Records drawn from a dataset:
--- START ---
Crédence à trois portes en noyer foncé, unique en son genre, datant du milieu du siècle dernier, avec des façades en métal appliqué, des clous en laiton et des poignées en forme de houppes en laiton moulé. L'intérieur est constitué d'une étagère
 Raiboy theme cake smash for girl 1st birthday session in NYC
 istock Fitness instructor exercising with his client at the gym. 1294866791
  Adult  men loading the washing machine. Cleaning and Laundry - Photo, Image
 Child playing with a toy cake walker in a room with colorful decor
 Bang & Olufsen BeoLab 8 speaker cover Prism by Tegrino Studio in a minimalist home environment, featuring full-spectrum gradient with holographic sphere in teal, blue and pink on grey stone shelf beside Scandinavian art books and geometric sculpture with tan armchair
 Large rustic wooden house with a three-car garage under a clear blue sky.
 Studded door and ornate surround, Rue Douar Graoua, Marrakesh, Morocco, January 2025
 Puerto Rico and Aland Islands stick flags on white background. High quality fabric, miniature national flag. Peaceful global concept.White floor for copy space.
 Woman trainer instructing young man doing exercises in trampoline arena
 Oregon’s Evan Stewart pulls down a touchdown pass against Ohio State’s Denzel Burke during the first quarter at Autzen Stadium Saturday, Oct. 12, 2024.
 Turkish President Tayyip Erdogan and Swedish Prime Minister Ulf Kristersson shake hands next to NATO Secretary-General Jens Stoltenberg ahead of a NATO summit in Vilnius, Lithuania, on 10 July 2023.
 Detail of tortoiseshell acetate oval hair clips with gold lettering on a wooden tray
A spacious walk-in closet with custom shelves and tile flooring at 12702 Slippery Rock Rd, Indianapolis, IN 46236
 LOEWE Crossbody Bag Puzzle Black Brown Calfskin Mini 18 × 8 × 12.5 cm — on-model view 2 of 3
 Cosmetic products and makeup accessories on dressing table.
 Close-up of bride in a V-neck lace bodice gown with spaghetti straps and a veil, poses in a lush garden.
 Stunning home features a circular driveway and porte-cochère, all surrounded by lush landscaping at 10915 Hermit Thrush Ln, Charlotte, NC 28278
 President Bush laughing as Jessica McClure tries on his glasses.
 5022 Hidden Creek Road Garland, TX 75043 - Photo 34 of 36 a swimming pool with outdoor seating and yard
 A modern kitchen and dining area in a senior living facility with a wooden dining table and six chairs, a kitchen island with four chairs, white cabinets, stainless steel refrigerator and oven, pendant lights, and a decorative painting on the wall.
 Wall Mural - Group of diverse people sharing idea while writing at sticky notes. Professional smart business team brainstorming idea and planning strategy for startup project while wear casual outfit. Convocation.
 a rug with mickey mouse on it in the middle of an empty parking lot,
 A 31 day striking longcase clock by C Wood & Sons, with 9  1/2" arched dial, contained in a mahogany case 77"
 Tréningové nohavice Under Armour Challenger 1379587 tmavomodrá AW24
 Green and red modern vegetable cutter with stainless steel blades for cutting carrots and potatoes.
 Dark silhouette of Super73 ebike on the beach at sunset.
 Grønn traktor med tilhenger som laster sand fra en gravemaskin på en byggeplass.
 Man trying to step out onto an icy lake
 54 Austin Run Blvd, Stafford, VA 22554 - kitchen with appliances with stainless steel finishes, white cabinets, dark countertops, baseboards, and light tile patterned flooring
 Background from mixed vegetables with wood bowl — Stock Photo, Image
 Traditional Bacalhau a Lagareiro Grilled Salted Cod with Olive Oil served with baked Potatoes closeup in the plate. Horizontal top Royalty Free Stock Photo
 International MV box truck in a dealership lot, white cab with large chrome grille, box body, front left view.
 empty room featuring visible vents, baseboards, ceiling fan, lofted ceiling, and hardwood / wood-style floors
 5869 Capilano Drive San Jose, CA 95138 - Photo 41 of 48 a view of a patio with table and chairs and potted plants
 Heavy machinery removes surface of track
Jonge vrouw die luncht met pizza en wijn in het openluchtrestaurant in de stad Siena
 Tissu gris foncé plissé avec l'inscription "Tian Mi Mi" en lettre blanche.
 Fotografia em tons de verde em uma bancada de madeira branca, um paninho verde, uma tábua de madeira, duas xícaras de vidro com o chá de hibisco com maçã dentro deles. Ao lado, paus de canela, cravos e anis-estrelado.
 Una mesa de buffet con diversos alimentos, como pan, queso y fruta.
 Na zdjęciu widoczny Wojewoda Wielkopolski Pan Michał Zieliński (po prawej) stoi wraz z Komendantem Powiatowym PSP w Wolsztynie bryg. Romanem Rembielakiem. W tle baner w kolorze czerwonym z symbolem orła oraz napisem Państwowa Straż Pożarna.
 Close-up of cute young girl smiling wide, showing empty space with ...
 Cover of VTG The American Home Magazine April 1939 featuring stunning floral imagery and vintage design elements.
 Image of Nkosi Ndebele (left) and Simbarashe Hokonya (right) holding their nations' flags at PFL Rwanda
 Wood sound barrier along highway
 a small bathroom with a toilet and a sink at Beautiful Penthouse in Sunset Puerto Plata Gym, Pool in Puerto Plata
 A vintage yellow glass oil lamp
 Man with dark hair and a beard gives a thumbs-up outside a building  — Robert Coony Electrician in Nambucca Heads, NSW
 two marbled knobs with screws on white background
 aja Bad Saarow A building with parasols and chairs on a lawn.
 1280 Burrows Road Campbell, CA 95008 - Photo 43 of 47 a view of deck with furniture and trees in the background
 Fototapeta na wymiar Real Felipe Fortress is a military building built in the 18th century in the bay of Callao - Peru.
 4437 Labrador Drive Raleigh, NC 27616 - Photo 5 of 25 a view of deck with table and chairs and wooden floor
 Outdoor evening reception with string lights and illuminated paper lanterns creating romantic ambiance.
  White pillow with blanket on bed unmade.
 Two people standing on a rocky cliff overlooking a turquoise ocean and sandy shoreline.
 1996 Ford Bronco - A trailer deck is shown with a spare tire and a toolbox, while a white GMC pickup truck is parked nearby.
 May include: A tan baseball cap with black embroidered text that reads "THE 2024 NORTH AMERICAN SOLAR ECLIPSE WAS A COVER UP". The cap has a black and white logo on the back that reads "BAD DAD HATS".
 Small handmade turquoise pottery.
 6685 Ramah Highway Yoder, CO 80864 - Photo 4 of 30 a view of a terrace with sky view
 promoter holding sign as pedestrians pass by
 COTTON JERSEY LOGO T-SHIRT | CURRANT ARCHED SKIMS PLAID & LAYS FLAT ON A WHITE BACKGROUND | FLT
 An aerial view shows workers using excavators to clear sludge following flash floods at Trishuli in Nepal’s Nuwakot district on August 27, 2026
--- END ---
ACTIVITY: Return exactly, and only, the lines above starting at the line that contains "Tréningové nohavice Under" and ending at the line that contains "Grønn traktor med".

OUTPUT BELOW:
 Tréningové nohavice Under Armour Challenger 1379587 tmavomodrá AW24
 Green and red modern vegetable cutter with stainless steel blades for cutting carrots and potatoes.
 Dark silhouette of Super73 ebike on the beach at sunset.
 Grønn traktor med tilhenger som laster sand fra en gravemaskin på en byggeplass.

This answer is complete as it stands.